In a joint statement, Sens. Ron Wyden (D-Ore.) and Mark Udall (D-Colo.), fierce critics of the surveillance programs and members of the Intelligence Committee, said the latest revelation is “just the tip of a larger iceberg.”
They argued that the public should know more about violations of secret court orders and that the FISA court should be given new powers to oversee the NSA. They reiterated their support for establishing a public advocate who would push for privacy rights before the FISA court, a proposal backed by President Obama.
Even Sen. Dianne Feinstein (D-Calif.), the chairwoman of the Senate Intelligence Committee and a vocal defender of the NSA, endorsed tougher oversight of the agency.
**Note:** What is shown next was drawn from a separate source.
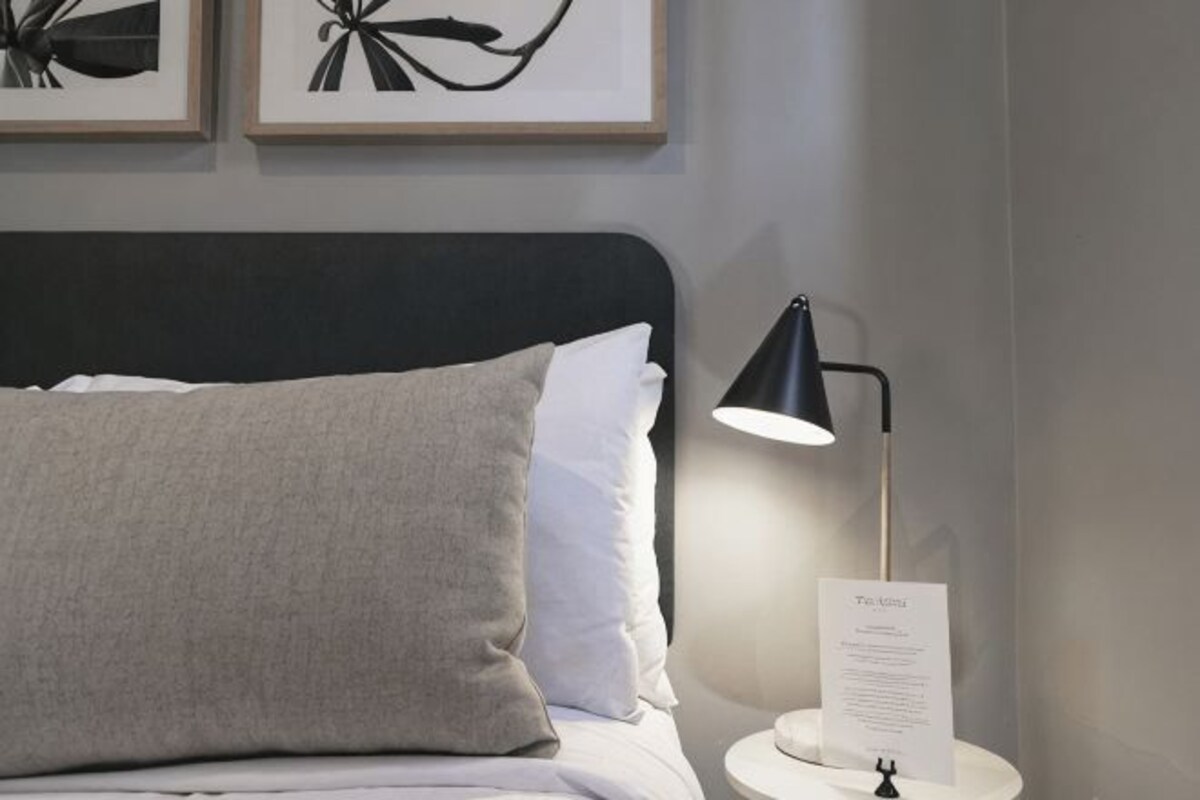 Ein Bett mit schwarzem Kopfteil, einem grauen Kopfkissen, einem weißen Kopfkissen, einer schwarzen Schreibtischlampe und einem kleinen Tisch mit einem Dokument.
“The [intelligence] committee can and should do more to independently verify that NSA’s operations are appropriate, and its reports of compliance incidents are accurate,” she said.
Feinstein told The Washington Post that she had not seen a copy of the audit until the paper showed it to her. But in a statement, her office clarified that she has received “FISA compliance information in a more official format.” It is unclear whether she had been fully briefed on all of the information in the leaked audit.
Feinstein emphasized that most of the incidents were unintentional and said she is unaware of any occasion on which the NSA has “abused its authority to conduct surveillance for inappropriate purposes.”
House Intelligence Committee Chairman Mike Rogers (R-Mich.) offered a full-throated defense of the surveillance programs.
He claimed the documents show there was “no intentional and willful violation of the law,” and he emphasized that Congress and the courts have already put “in place auditing, reporting, and compliance requirements.”
“Human and technical errors, like all of the errors reported in this story, are unfortunately inevitable in any organization and especially in a highly technical and complicated system like NSA,” Rogers said.
But Michelle Richardson, a legislative counsel for the American Civil Liberties Union (ACLU), said in an interview that the documents show systemic compliance problems at the NSA.
“It’s more evidence that secret oversight and secret courts and secret laws don’t work,” she said.
She predicted that there would be “bicameral, bipartisan support for aggressively rewriting the disclosure requirements.”
Richardson said it would be easier for Congress to enhance oversight of the NSA than to dramatically curb its surveillance powers.
“These are the sorts of changes that Congress likes to do because they’re not actually making policy decisions,” she said.